Vous êtes « théocratique » et vous pensez que l’État étant une institution divine, l’obéissance qui lui est due doit être inconditionnelle ? Allez-y (mais bon courage !).

Vous êtes républicain (comme moi) et vous pensez que seul l’État est à même de faire advenir un peu de justice dans un monde qu’on ne maîtrisera jamais, mais qu’en même temps l'État est toujours une menace ? Allons-y.

Un plan possible, découlant de la problématique posée

En introduction,

Il est certain que nous devons obéir (donner quelques exemples banals, sans développer).

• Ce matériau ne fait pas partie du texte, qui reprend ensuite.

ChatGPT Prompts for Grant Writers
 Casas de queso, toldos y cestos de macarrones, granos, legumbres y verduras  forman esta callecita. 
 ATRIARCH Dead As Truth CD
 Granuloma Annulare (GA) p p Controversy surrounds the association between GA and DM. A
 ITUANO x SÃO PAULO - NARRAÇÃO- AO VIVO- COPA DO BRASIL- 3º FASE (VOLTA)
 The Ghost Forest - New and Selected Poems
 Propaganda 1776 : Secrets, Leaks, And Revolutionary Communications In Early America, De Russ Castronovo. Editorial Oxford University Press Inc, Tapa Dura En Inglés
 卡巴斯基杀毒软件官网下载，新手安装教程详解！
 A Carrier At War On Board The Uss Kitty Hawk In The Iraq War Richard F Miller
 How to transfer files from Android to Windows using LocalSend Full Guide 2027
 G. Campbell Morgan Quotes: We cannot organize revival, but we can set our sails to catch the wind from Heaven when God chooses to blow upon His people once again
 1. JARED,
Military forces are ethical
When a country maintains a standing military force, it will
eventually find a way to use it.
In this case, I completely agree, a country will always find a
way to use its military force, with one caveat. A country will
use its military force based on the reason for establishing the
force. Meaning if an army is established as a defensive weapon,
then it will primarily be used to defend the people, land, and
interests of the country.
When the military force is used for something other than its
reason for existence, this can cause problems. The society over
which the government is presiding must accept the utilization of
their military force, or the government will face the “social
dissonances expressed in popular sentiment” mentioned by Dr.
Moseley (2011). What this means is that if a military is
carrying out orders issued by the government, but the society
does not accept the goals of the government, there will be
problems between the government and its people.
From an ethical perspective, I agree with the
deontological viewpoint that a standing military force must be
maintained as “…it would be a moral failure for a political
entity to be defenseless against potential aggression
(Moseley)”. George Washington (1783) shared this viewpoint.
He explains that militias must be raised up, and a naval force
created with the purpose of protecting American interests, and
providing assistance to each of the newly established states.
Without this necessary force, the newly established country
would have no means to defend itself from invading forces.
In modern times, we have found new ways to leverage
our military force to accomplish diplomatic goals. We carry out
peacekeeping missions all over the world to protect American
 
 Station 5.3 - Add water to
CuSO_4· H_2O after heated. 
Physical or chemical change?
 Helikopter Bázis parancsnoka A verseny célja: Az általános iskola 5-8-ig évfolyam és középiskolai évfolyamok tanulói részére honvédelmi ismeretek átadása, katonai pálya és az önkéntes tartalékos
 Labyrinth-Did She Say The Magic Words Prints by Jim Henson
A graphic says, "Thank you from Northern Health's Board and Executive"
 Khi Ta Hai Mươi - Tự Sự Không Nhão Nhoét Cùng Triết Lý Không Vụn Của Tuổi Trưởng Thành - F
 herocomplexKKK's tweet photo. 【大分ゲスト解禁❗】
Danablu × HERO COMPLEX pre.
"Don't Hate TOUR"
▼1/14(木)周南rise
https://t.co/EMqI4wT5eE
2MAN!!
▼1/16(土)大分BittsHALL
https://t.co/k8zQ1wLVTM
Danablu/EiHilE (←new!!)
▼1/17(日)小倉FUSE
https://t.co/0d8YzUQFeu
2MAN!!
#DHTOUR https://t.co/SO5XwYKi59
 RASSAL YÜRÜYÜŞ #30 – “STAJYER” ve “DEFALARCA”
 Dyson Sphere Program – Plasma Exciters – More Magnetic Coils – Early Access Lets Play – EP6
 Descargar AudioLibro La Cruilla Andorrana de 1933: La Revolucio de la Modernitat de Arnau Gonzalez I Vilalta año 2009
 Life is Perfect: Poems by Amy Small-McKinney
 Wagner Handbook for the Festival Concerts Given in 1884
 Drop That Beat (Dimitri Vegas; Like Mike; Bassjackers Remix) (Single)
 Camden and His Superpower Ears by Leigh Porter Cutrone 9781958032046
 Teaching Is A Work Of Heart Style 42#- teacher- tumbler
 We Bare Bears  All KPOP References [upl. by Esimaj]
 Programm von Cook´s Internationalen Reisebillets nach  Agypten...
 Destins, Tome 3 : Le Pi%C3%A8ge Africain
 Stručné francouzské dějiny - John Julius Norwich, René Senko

Mais jusqu’où ? Jusqu’à donner sa vie ? Qu’est donc l’État pour mériter de tels sacrifices ? Car il existe des États violents dont on ne peut que souhaiter la disparition.

1. Ce que, spontanément, je crois devoir
Liste des services, puis classement par ordre d’importance.
Mais constatation que les État sont quelquefois (souvent ?) tyranniques.
On arrive à un besoin de définition de l’État séparant l’État violent de l’État de droit.

2. Mais en quoi l’État le mérite-t-il ?
L’État de droit et le citoyen.
Exposer ce qu’est l’État de droit, à partir du Contrat social (Rousseau ou Hobbes, selon son choix).
En déduire que l’État n’est qu’une construction humaine.

3. Ce que je dois à l’État
La possibilité d’être et d’être libre. Donc, je lui dois tout. Mais l’État en lui-même n’étant rien et pouvant facilement se transformer en violence, je dois à la fois le respecter et le surveiller.
Je ne lui dois, en fait que d’être citoyen.
Qu’est-ce qu’être citoyen ? C’est, de ce point de vue, faire en sorte que l’État reste conforme à ce qu’il doit être, un État de droit. Je dois être vigilant, instruit, dévoué… (pas nécessaire de développer trop, ce serait entrer dans une autre dissertation).

 En conclusion

Comme toujours, la conclusion rappelle la thèse défendue et les raisons avancées : on ne doit rien à proprement parler à l’État. On doit à tous d’être un véritable citoyen. Rien d’autre, mais ce rien, c’est tout.
Il n'est pas interdit d'expliquer qu'il n'est pas si facile d'excercer sa citoyenneté... ni de réponse, enfin, à la question.
Et finalement, que devons-nous à l'État ? Rien d'autre que d'être un citoyen efficace.